A spatially structured magnetic field incorporating a field-free region (FFR) — either a field-free point (FFP) or field-free line (FFL) — is scanned across the imaging volume. Only particles within the FFR contribute a time-varying signal detectable by receive coils; particles outside are magnetically saturated and silent. First proposed by Gleich and Weizenecker in 2005, MPI has matured from a theoretical construct into an established preclinical platform now approaching clinical translation across cardiovascular, oncological, neurological, and interventional domains.

Field-Free Region (FFR) — core MPI concept

The FFR is the spatial zone within an MPI scanner where the magnetic field is near zero, allowing SPIONs located there to respond to the applied excitation field and generate a detectable signal. All particles outside the FFR are saturated and contribute no signal, creating the modality’s characteristic zero-background contrast. The FFR can be configured as a field-free point (FFP) or a field-free line (FFL), each with distinct SNR and scanning trade-offs.

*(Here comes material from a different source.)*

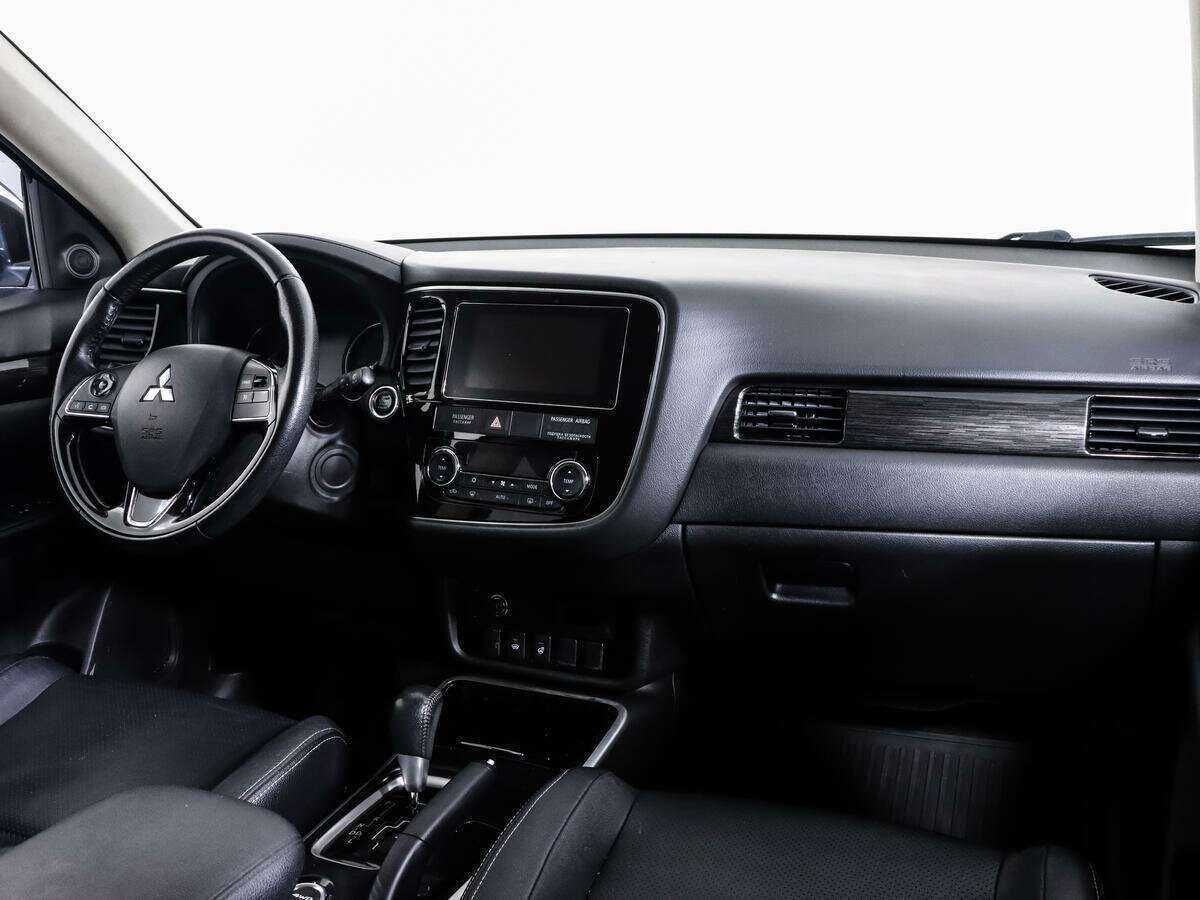 Mitsubishi Outlander с пробегом — 2018 год. Фото: #6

This landscape analyses the innovation landscape across hardware systems, tracer design, image reconstruction, and application verticals, drawing on patent filings and literature records spanning 2013–2025. It represents a snapshot of innovation signals within this dataset only and should not be interpreted as a comprehensive view of the full industry.

Magnetic Particle Imaging (MPI) produces zero-background tissue signal by exploiting the nonlinear magnetization response of superparamagnetic iron oxide nanoparticles (SPIONs) to a spatially structured magnetic field, a physical principle fundamentally distinct from MRI’s proton resonance detection.

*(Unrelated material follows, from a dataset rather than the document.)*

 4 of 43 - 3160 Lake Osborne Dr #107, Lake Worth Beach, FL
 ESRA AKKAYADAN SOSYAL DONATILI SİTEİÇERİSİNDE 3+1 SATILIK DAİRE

Three phases of MPI innovation: from theory to clinical threshold

MPI innovation from 2013 to 2025 progressed through three discernible phases — foundational, diversification, and clinical-translation engineering — each defined by distinct milestones in hardware capability, tracer performance, and application breadth.

Figure 1 — MPI Innovation Phase Timeline: Key Milestones by Year
Magnetic Particle Imaging Innovation Milestones Timeline 2013–2025 FOUNDATIONAL DEVELOPMENT & DIVERSIFICATION CLINICAL TRANSLATION 2013–2015 2016–2020 2021–2025 SPION design principles (2013) 200-cell detect. UC Berkeley (2015) 46 vol/s aneurysm hemodynamics (2016) Human-brain MPI 263 pmol (2019) OpenMPIData initiative (2020) Intraoperative freehand MPI (2021) Aselsan calib. patents EP/JP (2023–24) Mitsubishi FFL patent JP (2025)
MPI innovation progressed through three phases: foundational (2013–2015), development and diversification (2016–2020), and clinical-translation engineering (2021–2025), with each phase introducing distinct hardware, tracer, and application milestones.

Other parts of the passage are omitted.